* [Aim of the exercise]: Write out again, exactly, the lines below starting at the one with "Burkina Faso Sayi" and ending at the one with "Mettre les œufs".

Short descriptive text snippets
-*-
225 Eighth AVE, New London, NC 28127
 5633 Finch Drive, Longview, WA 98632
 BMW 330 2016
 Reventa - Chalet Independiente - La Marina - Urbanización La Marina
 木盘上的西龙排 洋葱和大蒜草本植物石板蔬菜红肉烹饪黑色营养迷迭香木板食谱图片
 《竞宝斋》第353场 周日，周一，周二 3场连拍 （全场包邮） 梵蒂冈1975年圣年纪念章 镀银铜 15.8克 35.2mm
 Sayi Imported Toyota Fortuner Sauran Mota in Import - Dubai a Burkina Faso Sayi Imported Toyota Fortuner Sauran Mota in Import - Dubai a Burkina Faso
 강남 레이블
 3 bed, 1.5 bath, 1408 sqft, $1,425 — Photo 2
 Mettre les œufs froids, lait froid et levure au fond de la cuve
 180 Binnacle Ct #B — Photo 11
-*-
* [Expected answer]:
 Sayi Imported Toyota Fortuner Sauran Mota in Import - Dubai a Burkina Faso Sayi Imported Toyota Fortuner Sauran Mota in Import - Dubai a Burkina Faso
 강남 레이블
 3 bed, 1.5 bath, 1408 sqft, $1,425 — Photo 2
 Mettre les œufs froids, lait froid et levure au fond de la cuve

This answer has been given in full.